I am planning on using markers for a drawing. As I have never used markers, I lack knowledge about them.
Is it okay to use them on normal drawing paper, or should I use sketch paper?
When you say "is it okay", that implies that there's a rule about what you can use with what, or that everybody who uses markers, uses a particular kind of paper for a reason.
Any medium will have different characteristics on different kinds of paper. You probably want to avoid something that's incompatible. For example:
- a medium that's thick and brittle on tissue paper; it's likely to flake off
- a medium that won't adhere to the surface, so it will tend to aggregate in spots rather than stay where you put it
- a chemical incompatibility like acidity/alkalinity, where the medium and paper can interact and change color or other characteristics
- a medium that requires a different kind of surface texture to work as intended, like a rough surface to abrade a material like chalk or charcoal, or an extremely smooth surface to use a metal-tipped technical pen.
Once you get beyond those kinds of problems, it's more a case that different kinds of paper will give you different kinds of appearance. It may also require the right techniques and some practice to "bend the combination to your will". Part of art is experimenting with those variations to see what combinations give you results you find pleasing or achieve what you're trying to accomplish.
I'm not sure what you're defining as "normal drawing paper" or "sketch paper," but you can ultimately use markers on any surface, however you will experience different results depending on the qualities of the paper.

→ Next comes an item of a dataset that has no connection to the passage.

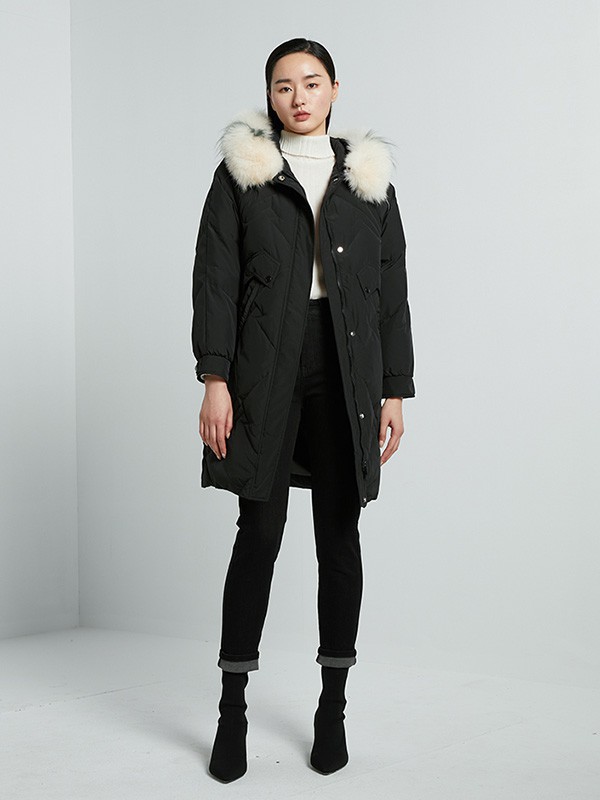 吉芬女装2022秋冬季黑色棉服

Markers will generally soak into the paper and bleed to some degree (with some brands tending to bleed more than others); working with a thicker paper like bristol or watercolor paper will tend to resist bleed-through better than thinner papers like newsprint.
You'll generally get a smoother result with a smoother surface, though depending on the result you're looking for, you may like the look of using a paper with more tooth to it. Experiment here to see what you prefer.
Some papers (marker pads, for instance) will be coated to prevent bleed-through on a thinner sheet; this can allow for better workability in blending, but may also result in less saturated colors as the ink cannot soak into the surface. This can also create issues with layering multiple colors or extensive blending; again, this may come to personal preference and style.
If you're planning on extremely heavy blending, particularly using water and water-based markers, you may wish to consider a paper that is better suited to heavy water applications such as a smooth watercolor paper over a lighter paper that may warp or disintegrate when saturated with water.
You may also wish to experiment with the amount of bleeding your chosen markers will exhibit on different papers. All markers will bleed to some degree (except, possibly, on coated papers), but some papers will wick the ink away from where you deposited it more than others. You'll want to find an amount of bleed that works for you, and learn to work with it as you're drawing.
"Bond" paper is usually best for markers, it has a smooth flat surface and is usually thick enough to prevent too much bleed through. If fact there are specifically made papers for magic markers called "Marker Bond", "Marker Layout" or just "Marker Paper".
With markers the main issue you will face is bleed, where the ink soaks in and expands in the paper. Bonds and Marker papers are made in a way that minimizes this. Also markers do not gain any benefit from roughness or tooth in a paper, so avoid papers with a lot of texture, like charcoal paper, watercolor paper, or even a lot of sketch papers (where bleed will be an issue anyway.)